Selain karena adanya plak, karies gigi juga disebabkan oleh sukrosa (gula) dari
sisa makanan dan bakteri yang menempel pada waktu tertentu yang berubah menjadi
asam (H+) laktat yang akan menurunkan pH mulut menjadi kritis (5,5) yang akan
menyebabkan demineralisasi email yang berlanjut menjadi karies gigi. Secara perlahan-
lahan demineralisasi interna berjalan ke arah dentin melalui lubang fokus tetapi belum
sampai kavitasi (pembentukan lubang). Kavitasi baru timbul bila dentin terlibat dalam
proses tersebut. Namun kadang-kadang begitu banyak mineral hilang dari inti lesi
sehingga permukaan mudah rusak secara mekanis, yang menghasilkan kavitasi yang
makroskopis dapat dilihat. Pada karies dentin yang baru mulai, yang terlihat hanya
lapisan keempat (lapisan transparan, terdiri atas tulang dentin sklerotik, kemungkinan
membentuk rintangan terhadap mikroorganisme dan enzimnya) dan lapisan kelima
(lapisan opak/ tidak tembus penglihatan, di dalam tubuli terdapat lemak yang mungkin
merupakan gejala degenerasi cabang-cabang odontoblas). Baru setelah terjadi kavitasi,
bakteri akan menembus tulang gigi. Pada proses karies yang amat dalam, tidak terdapat
lapisan-lapisan tiga (lapisan demineralisasi, suatu daerah sempit, dimana dentin
partibular diserang), lapisan empat dan lapisan lima (Suryawati, 2010).

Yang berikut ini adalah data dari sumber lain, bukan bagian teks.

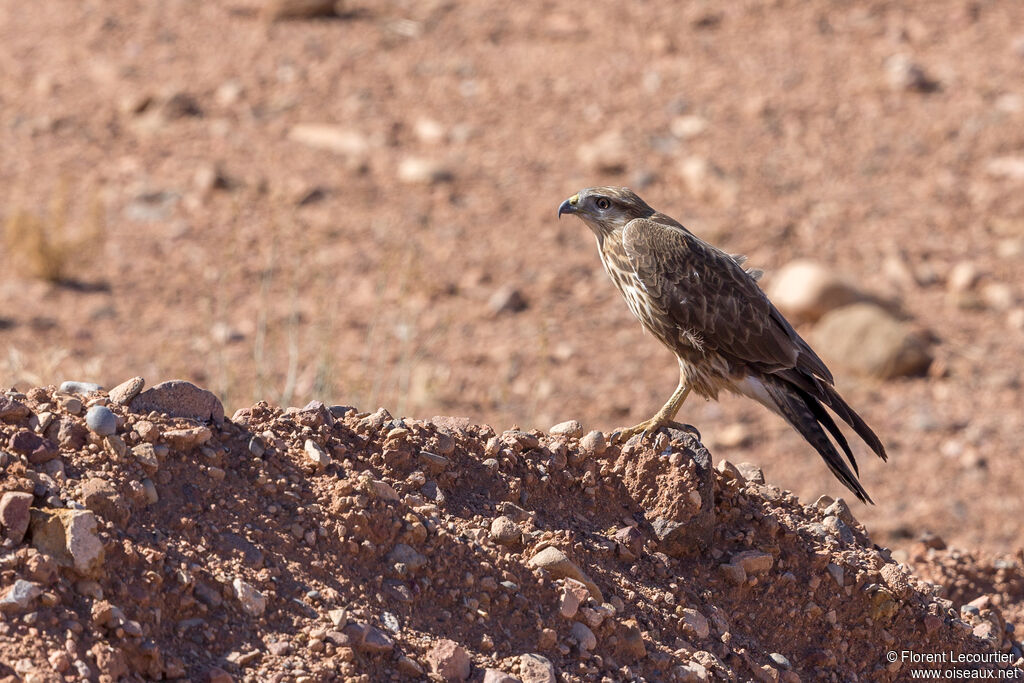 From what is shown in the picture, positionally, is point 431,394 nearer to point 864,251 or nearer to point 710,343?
point 710,343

Patofisiologi karies gigi menurut Miller, Black dan William adalah awalnya
asam (H+) terbentuk karena adanya gula (sukrosa) dan bakteri dalam plak (kokus). Gula
(sukrosa) akan mengalami fermentasi oleh bakteri dalam plak hingga akan terbentuk
asam (H+) dan dextran. Desxtran akan melekatkan asam (H+) yang terbentuk pada
permukaan email gigi. Apabila hanya satu kali makan gula (sukrosa), maka asam (H+)
yang terbentuk hanya sedikit. Tapi bila konsumsi gula (sukrosa) dilakukan berkali-kali
atau sering maka akan terbentuk asam (H+) hingga pH mulut menjadi ±5 (Chemiawan,
2004).
Asam (H+) dengan pH ±5 ini dapat masuk ke dalam email melalui ekor enamel
port (port d’entre). Tapi permukaan email lebih banyak mengandung kristal fluorapatit
yang lebih tahan terhadap serangan asam (H+) sehingga asam (H+) hanya dapat melewati
permukaan email dan akan masuk ke bagian bawah permukaan email. Asam (H+) yang
masuk ke bagian bawah permukaan email akan melarutkan kristal hidroksiapatit yang
ada.
Apabila asam (H+) yang masuk kebawah permukaan email sudah banyak, maka
reaksi akan terjadi berulang kali. Maka jumlah Ca yang lepas bertambah banyak dan
lama kelamaan Ca akan keluar dari email. Proses ini disebut dekalsifikasi, karena proses
ini terjadi pada bagian bawah email maka biasa disebut dekalsifikasi bagian bawah
permukaan.
Proses terjadinya karies gigi ditandai dengan adanya perubahan warna putih
mengkilat pada email menjadi putih buram yang disebut white spot. Apabila karies terus
berlanjut, maka white spot akan berubah menjadi kavitas pada email. Jika proses karies
terus berlanjut, kavitas akan semakin dalam mencapai dentin bahkan pulpa. Pulpa vital
yang terekspos akibat karies akan menimbulkan rasa sakit semalaman dan lama
kelamaan dapat menyebabkan nekrosis pulpa jika gigi tidak dirawat. Sebelum karies
mencapai pulpa, gigi sebaiknya direstorasi tetapi jika karies telah mencapai pulpa
dilakukan perawatan saluran akar (PSA). Apabila pulpa sudah nekrose dan gigi tidak
memiliki cukup jaringan keras (sisa akar) untuk di restorasi, langkah terakhir adalah
pencabutan (ekstraksi) gigi.
3. Jelaskan perjalanan impuls saraf dari gigi ke otak, hafalakan!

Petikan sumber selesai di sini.